Wow...shots in Canada's 5-0 win over Slovakia were 44-6 just 6 shots in a game is not good
Denmark beat Finland and so last year's champs are now 0 and 2 (I've never really followed the World Juniors closely...I'm not sure if the poor start "matters" or whether everyone makes the playoffs regardless)
After losing 6-1 to the US, Latvia loses 9-1 to Russia
Personally, I'd prefer fewer teams in international competition (including the Olympics) and a true round robin where everyone plays everyone once; top 6 teams seems about right to me, a 5 game round robin and top 4 teams make the playoffs (and never a shootout!)
Re: 2017 IIHF World Junior Championship
Posted: Wed Dec 28, 2016 5:31 am
by CJ
Finland has only a small chance now to make it to the playoffs... they have to beat the two best in the group now and hope that the others don't take too many points.
Re: 2017 IIHF World Junior Championship
Posted: Wed Dec 28, 2016 5:34 am
by Tasku
What a horrible game from Finland. I stopped watching at 2-0 and started reading a book.
Re: 2017 IIHF World Junior Championship
Posted: Wed Dec 28, 2016 8:48 am
by ClassicSwarley
I'm quite surprised by Finland's results, not so much about Latvia's, but it's a disappointing result nonetheless.
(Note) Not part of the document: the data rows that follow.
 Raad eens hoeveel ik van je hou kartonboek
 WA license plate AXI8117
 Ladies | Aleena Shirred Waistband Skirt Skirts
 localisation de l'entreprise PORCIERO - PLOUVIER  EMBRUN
Hope we can win the game against Slovakia..
Re: 2017 IIHF World Junior Championship
Posted: Wed Dec 28, 2016 9:01 am
by Alessandro
nino33 wrote:
Latvia loses 9-1 to Russia
What's surprising?
Re: 2017 IIHF World Junior Championship
Posted: Wed Dec 28, 2016 9:16 am
by nino33
Alessandro wrote:
nino33 wrote:
Latvia loses 9-1 to Russia
What's surprising?
Nothing; as I noted in my post, I think 6 teams would be good, and personally would prefer that hockey would stop including so many teams in the "best of the best" international competitions (especially as it could allow "better/fairer" competition, where the elite teams would all play each other in the round robin)
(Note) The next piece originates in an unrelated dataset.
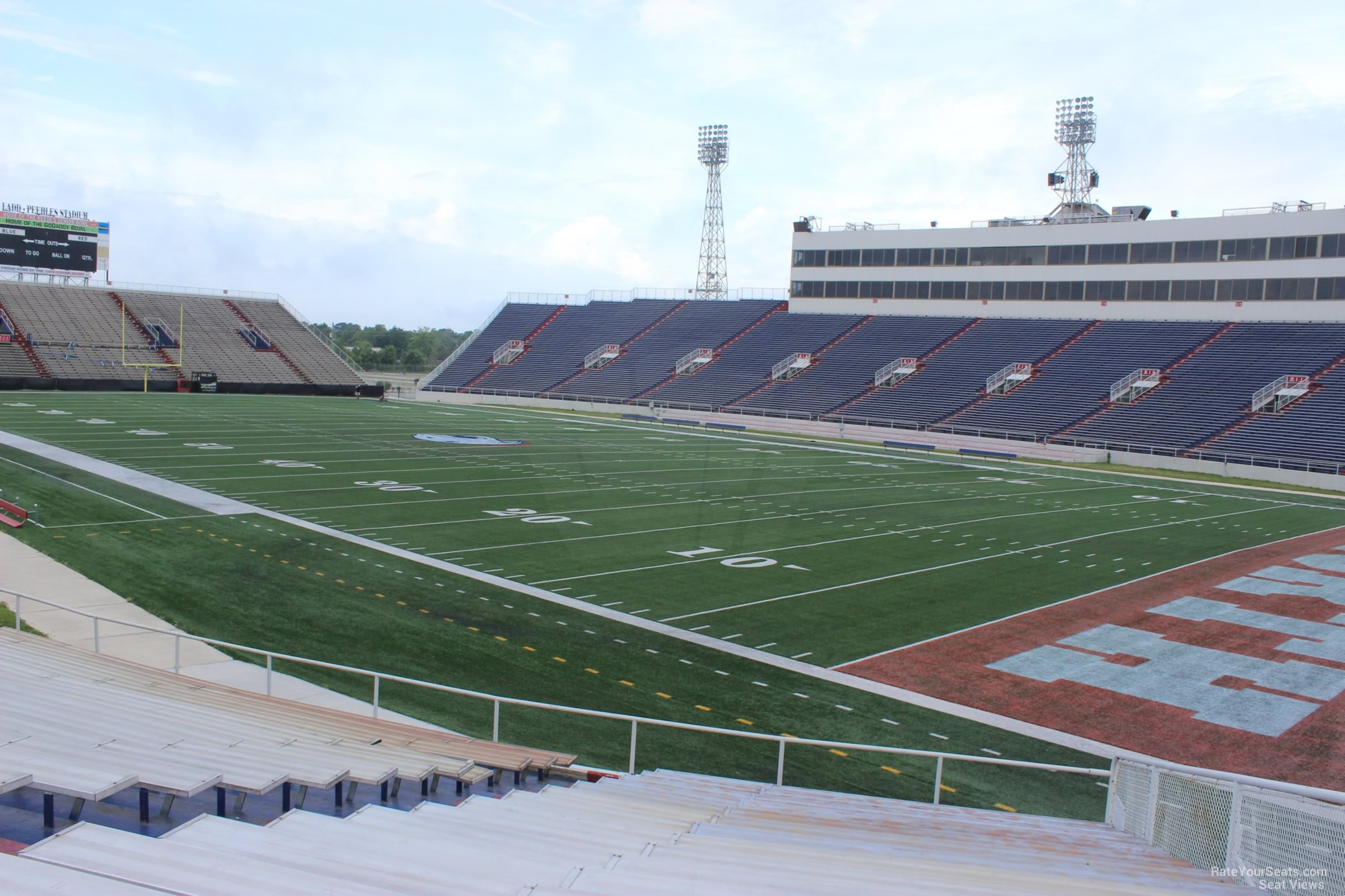 section l, row 17 seat view  - ladd peebles stadium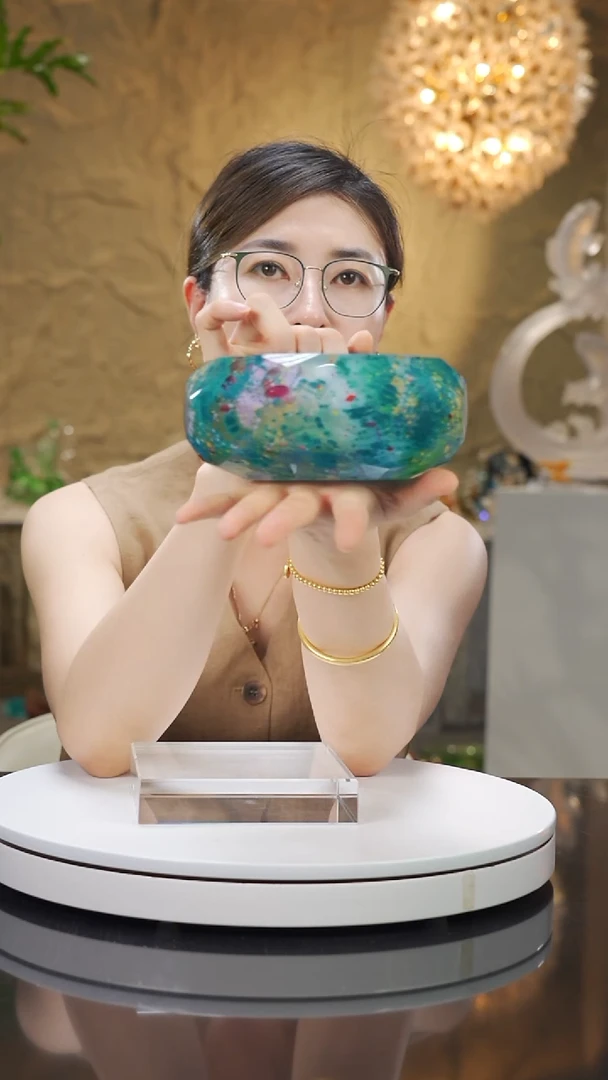 瓷片设计款莫奈切面果碗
Re: 2017 IIHF World Junior Championship
Posted: Wed Dec 28, 2016 10:06 am
by Manimal
I agree with you Nino that the championship would be more entertaining that way but the lower teams need to have the opportunity to be included.
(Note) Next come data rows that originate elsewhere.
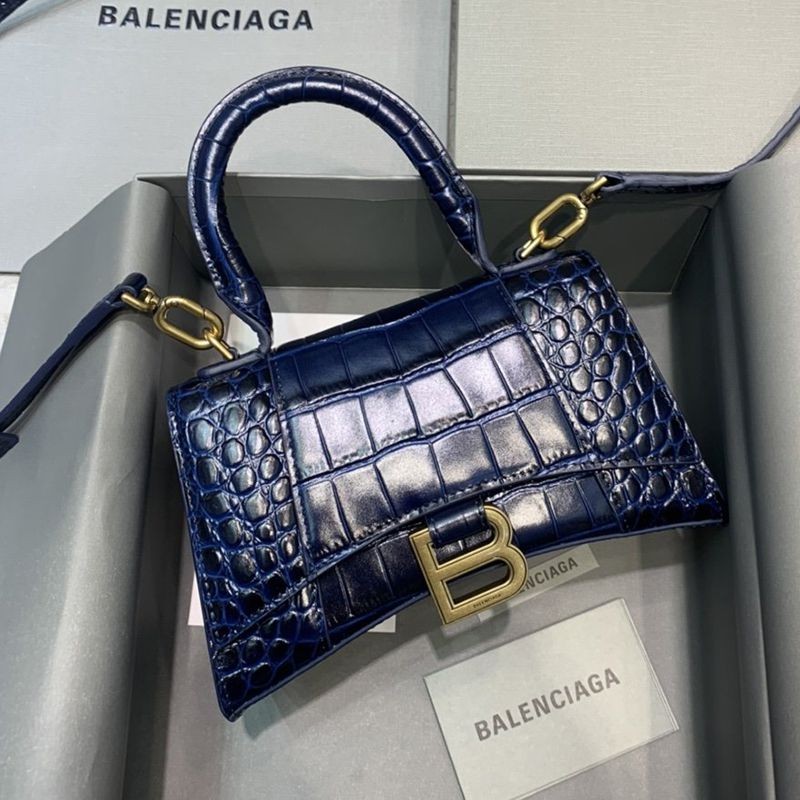 Very popular all over the world? Balenciaga Crocodile Embossed *HOURGLASS Replica Handle Bag bat06170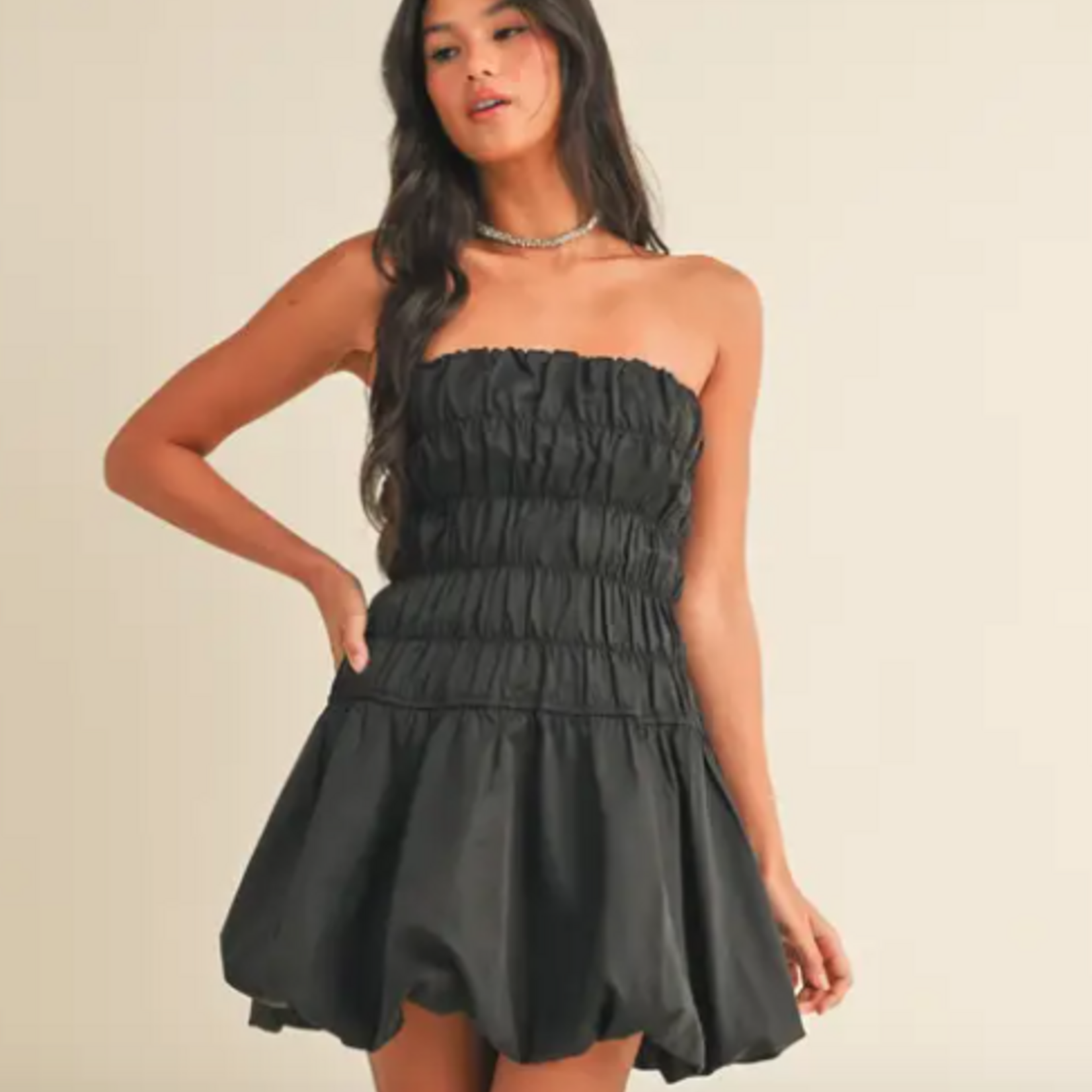 Black Balloon Mini Dress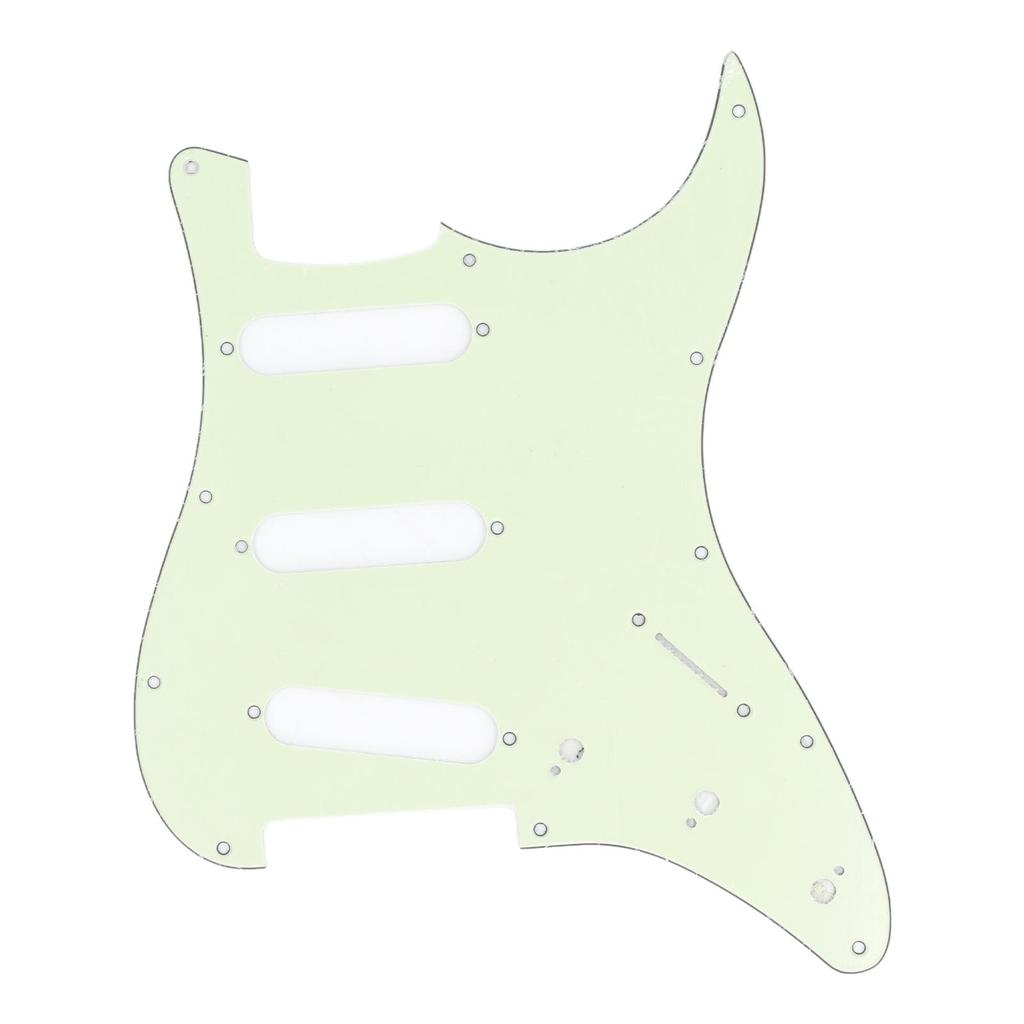 Electric Guitar Pick Guard 3 Layers 11 Holes PVC Pick Guard Scratch Plate for ST Guitar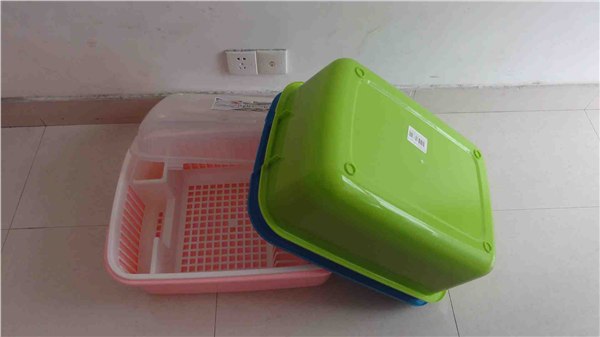 大号塑料带盖沥水碗柜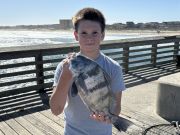 Jennette's Pier, Warm with little wind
For their hockey to improve they need to match up with better nations. That way they will see what they need to work on to get better.
Re: 2017 IIHF World Junior Championship
Posted: Wed Dec 28, 2016 10:55 am
by Alessandro
Manimal wrote:I agree with you Nino that the championship would be more entertaining that way but the lower teams need to have the opportunity to be included.
For their hockey to improve they need to match up with better nations. That way they will see what they need to work on to get better.
I agree.
Re: 2017 IIHF World Junior Championship
Posted: Wed Dec 28, 2016 1:36 pm
by CeeBee
Manimal wrote:I agree with you Nino that the championship would be more entertaining that way but the lower teams need to have the opportunity to be included.
For their hockey to improve they need to match up with better nations. That way they will see what they need to work on to get better.
I agree as well. Loved seeing the Swiss upset and the Danes too.... What the heck is Finland doing though? Jeepers
Re: 2017 IIHF World Junior Championship
Posted: Wed Dec 28, 2016 3:42 pm
by Primis
I don't know what Team USA is doing anymore at any level. The WJC team has started making the same dumb, indefensible decisions the senior team makes. I mean, leaving DeBrincat off the roster? Seriously? After the omissions last year? Apparently very little was learned from it...
Re: 2017 IIHF World Junior Championship
Posted: Wed Dec 28, 2016 6:13 pm
by nino33
Manimal wrote:I agree with you Nino that the championship would be more entertaining that way but the lower teams need to have the opportunity to be included.
For their hockey to improve they need to match up with better nations. That way they will see what they need to work on to get better.
IMO they don't need to learn how they match up in the actual few elite tournaments (they can get beat in exhibitions just as easily! and win their "gold medal" with an upset that is ultimately meaningless that way...like the recent victory by the Danes)
They can still add a single "lower team" to Canada, Finland, Sweden, Russia and the US and have a real round robin.....the problem (for me) is how nowadays adding more than one requires "group games" and teams no longer play against every other team (never used to be that way, as I note below); the issue to me is not "entertainment" but the validity of a tournament actually being a "best on best" elite tournament
I don't think there's any more teams in the top tier of hockey now than there was 40-50 years ago (there may actually be fewer!)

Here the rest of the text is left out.